Dinsmore Women's Week Q&A: Krysta Gumbiner

Meet Chicago Community Service Advocate Krysta Gumbiner

As part of Dinsmore Women's Week, we are highlighting a number of the fantastic women who help make Dinsmore a thriving national entity. Next up is Krysta Gumbiner, who spearheads Dinsmore's Chicago office's community service efforts for the residents at Lincoln Park Community Services, a non-profit for people experiencing homelessness. Krysta is a commercial litigation associate. Learn more about her below.

1. What is your current role at Dinsmore, and can you describe your career path to success thus far?

I’m an associate attorney. I lateraled to Dinsmore during my second year of practice, and it didn’t take long for me to realize Dinsmore could be my long-term home. I was instantly enveloped by the collegial atmosphere and recognized in others a desire to see me succeed. Since starting, I’ve largely focused on working hard and producing quality work while contributing time to firm events and initiatives about which I’m passionate, such as associate retreats, community service projects, and various Women’s Initiative projects. It is this mix of both work and social engagement that has helped me succeed at Dinsmore.

2. Dinsmore has repeatedly been named a top national firm for women.
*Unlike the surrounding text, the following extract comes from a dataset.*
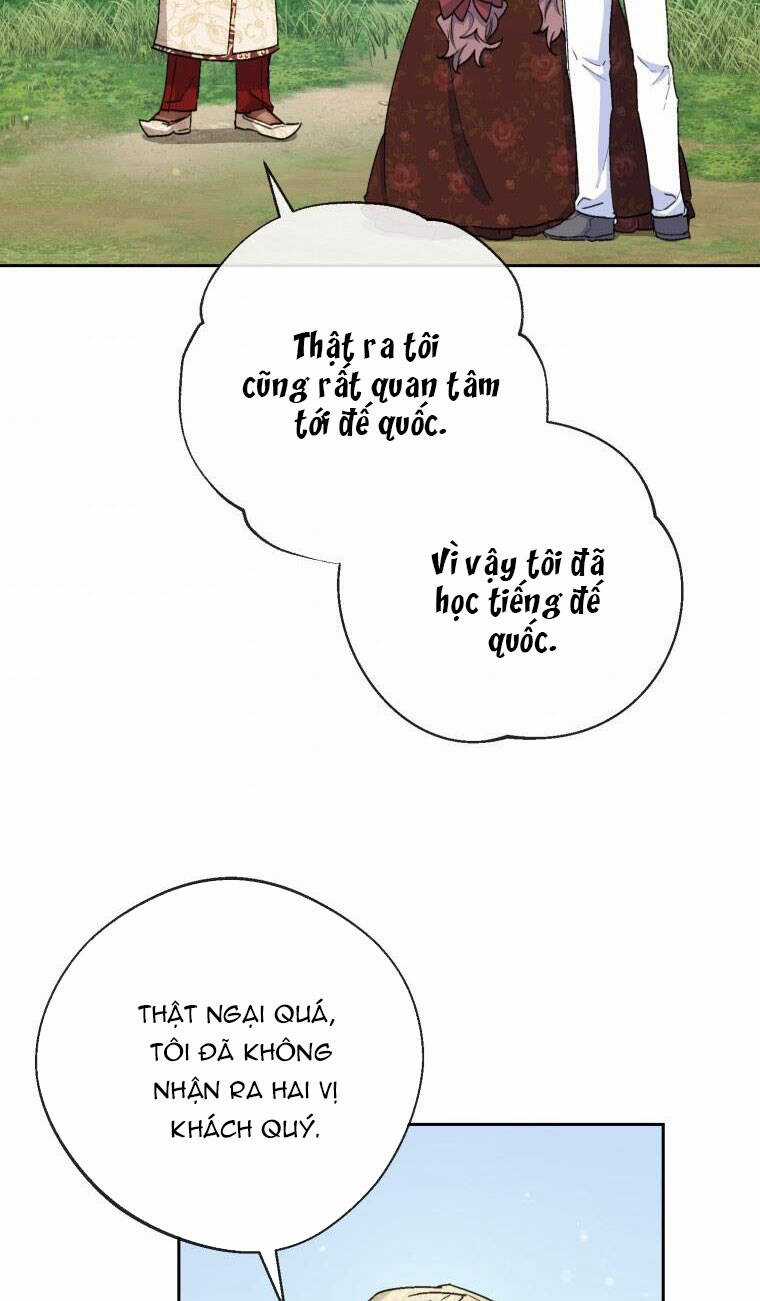 50 Công Thức Pha Trà Của Nữ Công Tước Chapter 131 trang 5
How has the firm’s focus on inclusion and equality benefited you personally?

I recall having a conversation at a Women's Initiative event shortly after I started regarding the firm’s maternity leave policy. During that conversation, I expressed concerns that perhaps the policy wasn’t as progressive as it should be. Approximately six months later, the firm released its new, quite progressive, maternity leave policy. While I know that one conversation didn’t create change, it was exciting to know my concerns were heard, and Dinsmore was willing to acknowledge them and be proactive. I also have personally benefited from outstanding female mentorship. In the Chicago office, female partners go out of their way to champion female associates, and the impact is tangible. It has contributed to a close-knit community of women, all prepared to help each other succeed.

3. What advice do you have for women starting their careers?
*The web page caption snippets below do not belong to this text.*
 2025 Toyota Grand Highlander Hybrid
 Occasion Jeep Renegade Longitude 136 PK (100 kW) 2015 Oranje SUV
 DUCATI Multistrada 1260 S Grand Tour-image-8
Speak up for yourself. I almost said, “Don’t be scared to speak up for yourself.” But the truth is: It IS scary. It’s scary for women, regardless of their personality type—shy, quiet, loud, outgoing. The key is to do it in spite of the fear. Speak up when you need more information, speak up when you have an idea or opinion, speak up when you’re passionate about an issue. Speaking up is how we make ourselves part of the conversation and effect change.

4. What was your first job, and what is your best story from your time working there?
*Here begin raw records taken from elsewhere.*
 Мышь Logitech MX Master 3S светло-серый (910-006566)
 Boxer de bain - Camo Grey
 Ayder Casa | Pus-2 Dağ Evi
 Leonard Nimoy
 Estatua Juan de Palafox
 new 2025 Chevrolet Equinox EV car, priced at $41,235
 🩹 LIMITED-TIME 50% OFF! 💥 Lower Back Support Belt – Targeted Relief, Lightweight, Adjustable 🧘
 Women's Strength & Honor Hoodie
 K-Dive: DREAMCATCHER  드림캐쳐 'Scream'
I worked at many different Subways from the time I was 15 until the summer before I went to law school. Due to my talents as a sandwich artist, it was easy to pick up a job at Subway in any city--during college, internships, or back home. I was a crew leader my senior year of high school at the Subway my mom managed (I promise this was not due to nepotism). She always did surprise spot checks, and one particular night, she came in when I had set up an exciting game of bowling using tomatoes and loaves of bread. Needless to say, she was not happy that her crew leader was not only encouraging this game but had started it. But I had just won more money bowling tomatoes than working my shift, so I wasn’t too upset about being written up.

5. What’s something people would be surprised to learn about you?

I’m an open book – no surprises here! Seriously, though, probably that I’m secretly writing a book in my spare time. Well, not so secretly any more. To be clear, it’s taken me approximately five years to write three chapters, and, if I’m being honest, the heroine is largely based off of my own shenanigans, so this isn’t going to be a New York Times bestseller.

Also, despite my best efforts and constant begging, I have never been to Disney World. I have, however, taken pretty great vacations to all 50 states, which I’ve grown to appreciate a lot as I get older.

Lastly, I really thought I wanted to get my pilot’s license. I took one lesson during which I cried hysterically and screamed at the instructor to take over the controls as I turned the plane on its side. We landed successfully, and I have yet to continue my pursuit of that particular dream.